Allowance parents: let scientists see if our children can return home
Duped parents
Allowance parents: let scientists see if our children can return home

Many parents and children affected by the benefits affair are still separated. They want the University of Groningen to review their files again.
Marten van de Wier and Eva StamApril 4, 2025, 4:24 PM
Parents affected by the benefits affair and whose children were removed by the government want an independent scientific investigation into their files. This should answer the question of how thousands of children were able to be separated from their parents. In an opinion piece in allegiance they are calling on the cabinet to commission the University of Groningen for such a study. They hope that can help them reunite with their children.
Children's judge and researcher Bart Tromp would like to carry out such an investigation. Tromp and his colleagues cannot decide whether a child can go back to their parents, but they can provide parents with an analysis of their file that allows them to go to court themselves.
Despite all the previous studies and reports, many affected parents still have to miss their children. In the affair, at least 3,532 children were forcibly removed from home, as the Hamer Commission concluded last week. There are probably many more, especially if the removals that took place in consultation with the parents, but often also under pressure from youth care, are also included.
'Tens of thousands of children may still be separated from parents'
Jurgen Deceuninck, one of the allowance parents behind the letter, thinks tens of thousands of children may still not be reunited with their parents.
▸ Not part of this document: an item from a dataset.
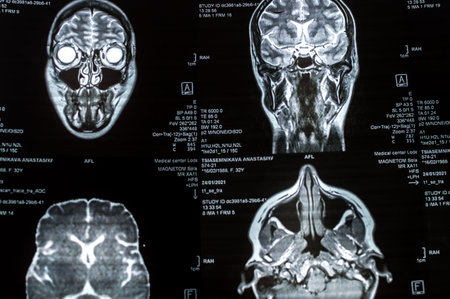 Magnetic resonance imaging of the brain close up. MRI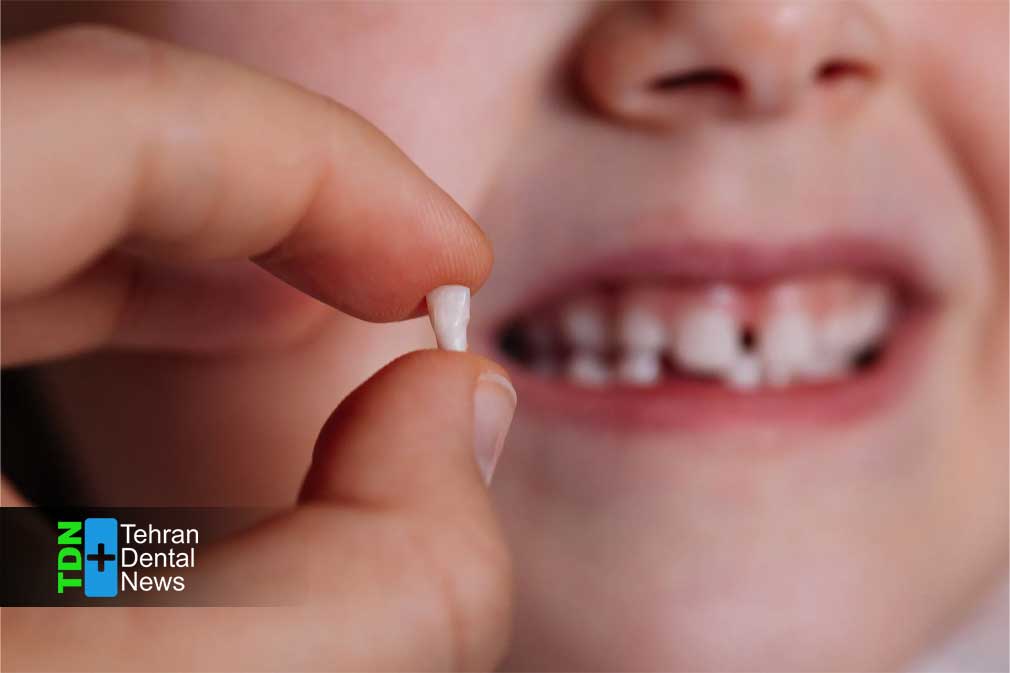 تغذیه مناسب برای سلامت دندان شیری کودک چگونه پوسیدگی زودرس را متوقف می کند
Some of them are still underage. Deceuninck is one of the few allowance parents who do have parental authority back, his children aged 10 and 11.
But it's not just about legal recovery, he insists. With both minor and adult children, the government must make an effort to repair the relationship between parents and child. “Children have suffered trauma as a result of being relocated: trauma in their relationships with their parents and personal trauma,” says Deceuninck.
“We want to know who is responsible for what”
The parents are pleased that the Hamer Commission concluded last week that the benefits affair played a role in all relocations. But it's not enough, they think. “Parties are now pointing to each other, and wash their hands innocently. We want to know who is responsible for what,” says Deceuninck.
They will only find out through a multidisciplinary study, according to the parents, with experts in the fields of youth care, law and (mental) health, for example. In addition, they want that all records of parents who want to be audited, that's how they write.
That takes a lot of time, Deceuninck acknowledges. “But it shouldn't stand still in the meantime. While the researchers are at work, you can also start reassessing the files right away.”
Tromp has already designed a study that was canceled.
Researcher and judge Tromp already designed a research design for rapid file research together with colleagues in 2022. That ultimately did not happen, but the affected parents would still like to see this carried out in an adapted form.
Hamer's report shows that the youth counselors and judges often did not see that parents' problems were caused by their money shortage due to all the unjustified recoveries from the tax authorities. Tromp thinks his research can better clarify exactly how that could happen.
Scientific research does not automatically lead to reunification, Tromp emphasizes. “We can analyse whether there is a debt problem in a file.” With that analysis, parents can go to court for a new review of their case. Tromp thinks that, based on that extra information, judges “can and dare to decide” more than is currently the case. “I also think that parents have a right to that.”
Also read:
Allowance parents: Report- Hamer is one thing, but where is the reunion with our children?
The Hamer Commission report is not over for allowance parents with children who are away from home. The House should order to try to restore family situations, they argue. Read their opinion piece here.
Benefits affair shows that youth care ignores poverty when moving a child out of home
For many children who were removed from home in the benefits affair, their sudden financial distress was the deciding factor, says the Hamer Commission. What does her report say about how youth counselors deal with families in poverty?